1

This is actually a question I find really hard to answer.any hints are appreciated. By the way feel free to edit the tags as i really do not know which category is this question is in.

Two genius mathematician have guessed two numbers which their difference is 1. Each of them asks the question "Have you guessed my number yet" repeatedly after the other one.

Prove that there will be a question which's answer would be "yes"

Minuano
  • 617
  • "Which their subtraction is 1"? – Batman May 22 '14 at 20:35
  • oh sorry!I meant if you subtract them the answer would be 1.I guess their is extra right? sorry for my crappy english.I'm trying to get used to it. – Minuano May 22 '14 at 20:36
  • Can the numbers be complex numbers? :) –  May 22 '14 at 20:38
  • I still don't quite understand the game.
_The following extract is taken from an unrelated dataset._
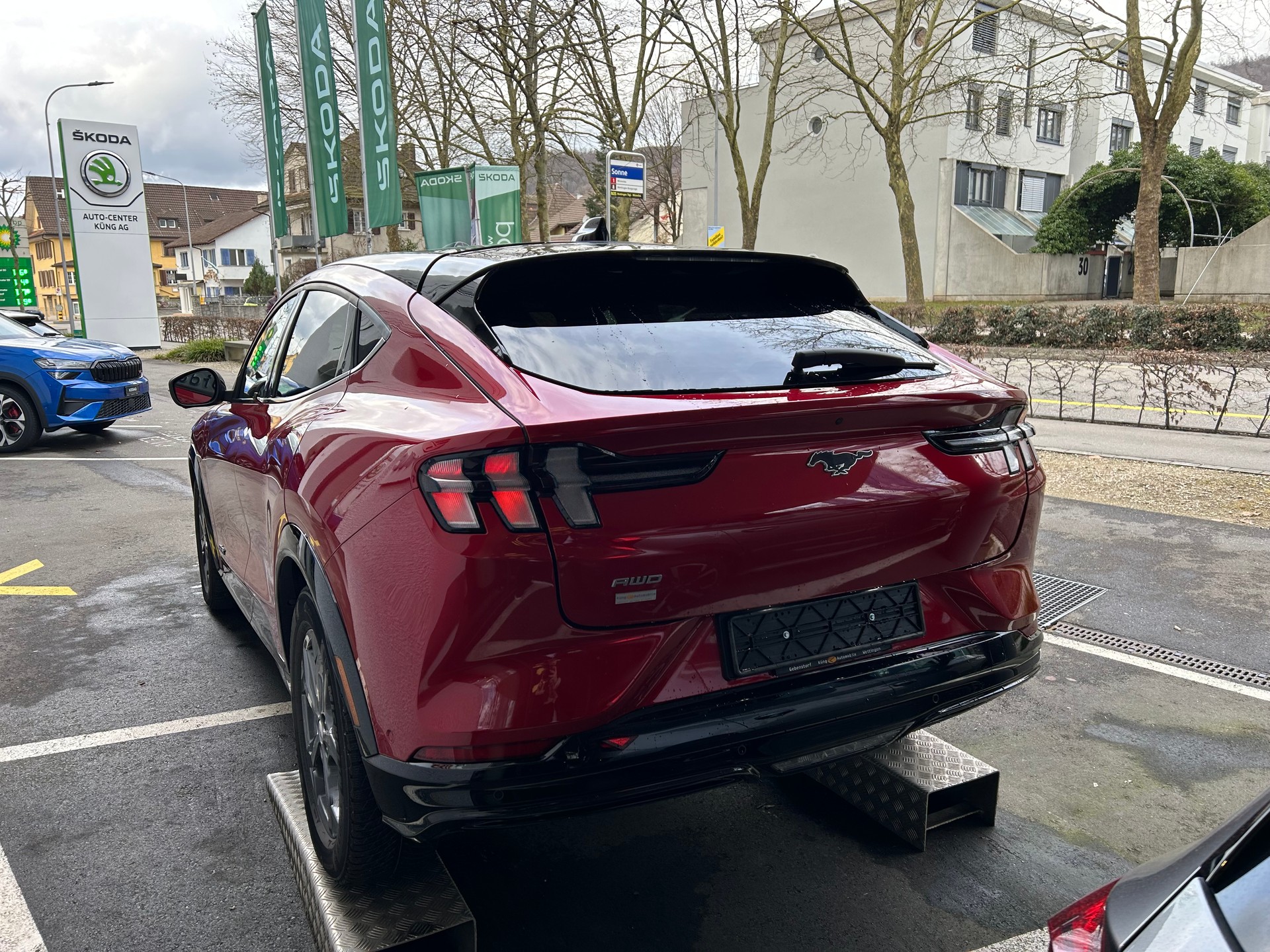FORD Mustang MACH-E AWD 91 kWh-image-3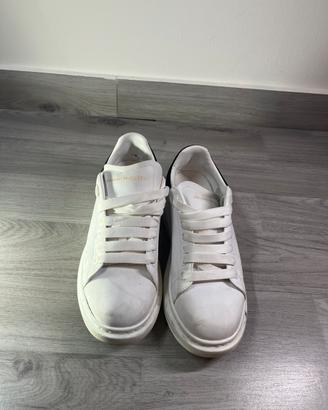 Sneakers Alexander McQueen Oversized Bianche ⚫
If you have numbers $x$ and $y$ such that $|x-y|=1$, then you know that $x=y+1$ or $x=y-1$. So the person with number $y$ guesses $y+1$ then $y-1$ and the person with number $x$ guesses $x+1$ then $x-1$, and you have to get the right number within 2 rounds. – Batman May 22 '14 at 20:39
  • @Batman but the problem is,how do you exactly guess the numbers?There are plenty of numbers right? :D – Minuano May 22 '14 at 20:41
  • 2
    The numbers are positive integers, right? – Andrés E. Caicedo May 22 '14 at 20:41
  • In your example no one asks "have you guessed my number yet?" – mvw May 22 '14 at 20:42

1 Answers1

4

Suppose I know the numbers are positive integers.

If my number is $1$, and I am asked whether I know the other, I say "yes" because it is $2$. Else I say "no". If my colleague also says "no" the pair cannot be $(1,2)$ or $(2,1)$.

On the next round we confirm or exclude either $(2,3)$ or $(3,2)$ etc.

If I have $n$ it is impossible to exclude both $(n, n-1)$ and $(n, n+1)$ so the process must come to an end.